All the info you need on how to move your dog abroad here.

  • It can be way, way, cheaper to check extra luggage than to ship boxes. If you’re only moving small things, but you want your home-y stuff to come with, you can check cardboard boxes as long as they fit the airline’s dimensions. Best to call ahead and alert them that you’ll have extra baggage and that the “bags” will be boxes. Even if you check 3-4 bags, it’s still the cheapest and least-onerous way there is.
  • Keep all of your receipts. They may be very important for taxes down the line.

Settling In:

  • Remember you’re going to hate the first month/six months/year depending on where you’re from and where you’re going. Keeping that in mind has actually helped me like places more—I notice the times that I love it, rather than fixating on the parts I hate because I am already expecting those frustrations.
  • Invest time to find things you love in your host country.
  • Go out as much as you can: to eat, to explore. People often chat about restaurants and shops in small talk. It’s nice to be able to say “I know that place. It’s next to…” or to recommend another place to someone.
  • Don’t be afraid of standing up to (offending) the locals for what you believe in.
  • But at the same time…pick your battles!

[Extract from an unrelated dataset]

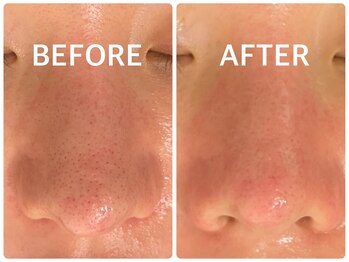 ハーブピーリング 恵比寿/小鼻毛穴引締めハーブピーリング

“Maintain your relationships back home. It can be easy to get caught up in this exciting new adventure. You’re meeting new people, trying new foods and living a new experience every day. But while you’re away, the world keeps moving and your friend’s lives move on without you. Put in the effort to touch base on a regular basis with your friends and family. When you come back home, whether it’s to visit or to move back, you’ll be glad to have your friends waiting for you.”
—Erin Mushaway
Sol Salute | Instagram

  • It takes at least two years for a new place to feel like ‘home’. Take it one day at a time till then.
  • A year abroad can swiftly turn into more—we were only supposed to be gone 18 months, and we’ve been here for 4 years now. Don’t prepare yourself for a short-term move, prepare yourself to stay and settle, and then adjust backward if you leave on time.
  • Cultivate a “Take the bad with the good” perspective—the expat perspective is all about balance.
  • Take every spare minute to travel—especially around your home country. Go to the big cities and small towns, and focus on the local favorites. You won’t get the chance to deep dive like this again.
  • Don’t compare anything to “home” – it’s a dangerous cycle that makes it hard to adjust and be happy.
  • One of the best things someone told me before I moved to Mexico was that no one would have the same expat experience as anyone else. Several people from the same general area in the US could all move to the same general area in Mexico, but those experiences would and could differ greatly. It’s true!

“Shortly after I moved to Mexico, my friend sent me an article suggesting that those with children wait to visit their home country for a minimum of 6 months after moving—waiting a year is even better. This lengthy period of time gives everyone time to get settled in and used to all of the changes the new country brings. We waited almost 8 months before our first visit back home. We did struggle once we returned to Mexico. It felt like our ‘honeymoon’ period was over. Plus, we didn’t know when we’d be able to visit our family again. I’m happy to report that our second visit to our home country went well AND we were happy upon returning to Mexico.”
—Natalie
Blissmersion | Instagram

  • Focus on just making it for the first 3-6 months. Don’t try to accomplish anything more than merely weathering the transition. Forget about improving other aspects of your life (getting in shape, advancing your career, etc.). Just lay that new foundation, and then build on it later. This advice was as useful to my brother moving across the country as it has been to me moving half a dozen times to two other continents.

It’s now coming up on two and a half years since I moved here. I see my rows of books every time I walk through my front door, and look at them like old friends—all the references to my own life contained in their selection—and see that my boss wasn’t trying to home feel like home but to make me feel like me. And in your crazy foreign life, sometimes that’s the most important thing of all.